Once the cats seem to be calm at the sight of each other it is probably safe to introduce the two. Make sure that they are supervised during this initial meeting. If there is any problems during this time go back a step, allowing them to view each other on opposite sides of the baby gate. If things go well you can allow them to spend longer and longer amounts of time together till they are together full time. For the first couple of weeks you might want to provide two food and water bowls and separate litter boxes just in case one decides to get territorial.
There is no sure fire way to tell if cats will be friends for life. Like people there will be some that just don’t mesh. Slow introductions are an important step in doing what you can do to ease the tension of the new addition.
Do you have more than 1 cat? Did you introduce them to each other or did you get them at the same time? What are some of the tips and tricks that worked for you?
Louann writes, “Powder each cat with baby powder. It helps them smell the same initially. The powder also helps relieve discomfort of spay stitches.”

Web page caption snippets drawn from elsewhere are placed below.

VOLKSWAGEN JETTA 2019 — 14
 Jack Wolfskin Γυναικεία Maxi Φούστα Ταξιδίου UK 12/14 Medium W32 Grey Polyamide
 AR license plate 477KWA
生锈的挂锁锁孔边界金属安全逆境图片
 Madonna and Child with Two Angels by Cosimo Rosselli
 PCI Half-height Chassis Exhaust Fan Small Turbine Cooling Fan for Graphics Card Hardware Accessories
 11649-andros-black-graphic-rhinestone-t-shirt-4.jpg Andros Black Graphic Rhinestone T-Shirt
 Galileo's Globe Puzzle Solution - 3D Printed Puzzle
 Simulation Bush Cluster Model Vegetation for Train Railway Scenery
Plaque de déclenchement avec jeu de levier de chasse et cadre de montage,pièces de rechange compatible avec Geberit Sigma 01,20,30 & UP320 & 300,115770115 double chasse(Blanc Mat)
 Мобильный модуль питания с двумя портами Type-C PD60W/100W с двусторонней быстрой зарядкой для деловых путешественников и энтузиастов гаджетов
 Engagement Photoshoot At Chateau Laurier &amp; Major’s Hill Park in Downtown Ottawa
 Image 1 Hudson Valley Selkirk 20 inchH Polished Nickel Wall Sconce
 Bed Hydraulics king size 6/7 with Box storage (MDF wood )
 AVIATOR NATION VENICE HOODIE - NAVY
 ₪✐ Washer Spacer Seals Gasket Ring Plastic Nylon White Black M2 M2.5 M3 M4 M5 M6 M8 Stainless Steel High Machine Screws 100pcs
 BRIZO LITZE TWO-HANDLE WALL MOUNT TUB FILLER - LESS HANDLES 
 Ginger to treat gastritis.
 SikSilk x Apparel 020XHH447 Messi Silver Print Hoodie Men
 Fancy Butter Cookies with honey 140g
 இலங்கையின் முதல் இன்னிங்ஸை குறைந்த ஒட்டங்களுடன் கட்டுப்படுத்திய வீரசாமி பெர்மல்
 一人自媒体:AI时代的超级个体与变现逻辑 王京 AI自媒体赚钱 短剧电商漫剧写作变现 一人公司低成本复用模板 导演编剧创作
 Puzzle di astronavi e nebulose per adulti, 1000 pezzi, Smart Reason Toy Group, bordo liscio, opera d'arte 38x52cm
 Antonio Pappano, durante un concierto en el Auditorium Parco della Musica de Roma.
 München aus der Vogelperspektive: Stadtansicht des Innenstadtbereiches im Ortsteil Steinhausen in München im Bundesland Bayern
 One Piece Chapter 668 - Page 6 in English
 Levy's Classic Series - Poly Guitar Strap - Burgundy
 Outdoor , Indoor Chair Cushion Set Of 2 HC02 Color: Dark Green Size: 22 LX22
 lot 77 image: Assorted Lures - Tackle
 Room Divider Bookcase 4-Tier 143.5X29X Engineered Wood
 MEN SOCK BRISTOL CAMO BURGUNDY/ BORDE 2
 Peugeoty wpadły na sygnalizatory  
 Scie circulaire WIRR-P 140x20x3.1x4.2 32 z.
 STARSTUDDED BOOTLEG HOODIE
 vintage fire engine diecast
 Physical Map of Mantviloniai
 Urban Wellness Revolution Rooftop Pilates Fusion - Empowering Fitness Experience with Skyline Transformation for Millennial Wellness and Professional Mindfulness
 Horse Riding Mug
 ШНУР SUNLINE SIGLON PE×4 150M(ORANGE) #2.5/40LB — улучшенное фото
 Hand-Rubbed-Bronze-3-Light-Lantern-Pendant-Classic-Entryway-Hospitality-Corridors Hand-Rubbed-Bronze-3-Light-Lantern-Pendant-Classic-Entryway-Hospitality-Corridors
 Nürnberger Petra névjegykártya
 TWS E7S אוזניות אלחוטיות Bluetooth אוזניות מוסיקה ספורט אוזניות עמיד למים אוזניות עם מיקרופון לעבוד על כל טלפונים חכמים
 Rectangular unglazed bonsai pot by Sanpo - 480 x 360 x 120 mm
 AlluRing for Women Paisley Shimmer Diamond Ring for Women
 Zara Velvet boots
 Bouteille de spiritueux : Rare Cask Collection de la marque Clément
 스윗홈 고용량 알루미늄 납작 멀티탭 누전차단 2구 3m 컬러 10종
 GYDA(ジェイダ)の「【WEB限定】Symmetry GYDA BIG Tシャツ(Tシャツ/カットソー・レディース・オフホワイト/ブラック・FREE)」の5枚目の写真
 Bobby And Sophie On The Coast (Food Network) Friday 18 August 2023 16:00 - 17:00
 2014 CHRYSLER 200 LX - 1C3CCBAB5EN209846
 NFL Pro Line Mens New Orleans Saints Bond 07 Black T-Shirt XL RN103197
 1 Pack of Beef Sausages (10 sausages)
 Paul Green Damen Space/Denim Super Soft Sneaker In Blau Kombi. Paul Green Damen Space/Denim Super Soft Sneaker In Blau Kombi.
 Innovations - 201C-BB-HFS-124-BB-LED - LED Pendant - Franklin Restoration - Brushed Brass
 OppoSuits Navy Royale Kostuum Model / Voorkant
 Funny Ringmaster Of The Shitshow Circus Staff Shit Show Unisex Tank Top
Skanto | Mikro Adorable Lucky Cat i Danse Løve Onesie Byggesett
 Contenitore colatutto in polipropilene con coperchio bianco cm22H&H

Colleen writes, “Sasha’s brother, Bailey, has arrived. We used your info on introducing a new cat. Looks to have been successful! After 1 day only, we made intros (Sasha was so curious about the new baby so I followed his lead) and now they are inseparable. Sasha calls for Bailey and he comes running. It validates every thought I’ve had for months that he needed a kitty companion. Bailey came home just 6 days ago….I was surprised Sasha came around so quickly, but we did go at his pace. When I saw his ears up and curious, we made initial intros through the door. Pictures ok to share too. Sasha acts like a Mama cat with the baby. It’s so sweet.
Thanks again for helping with the transition!”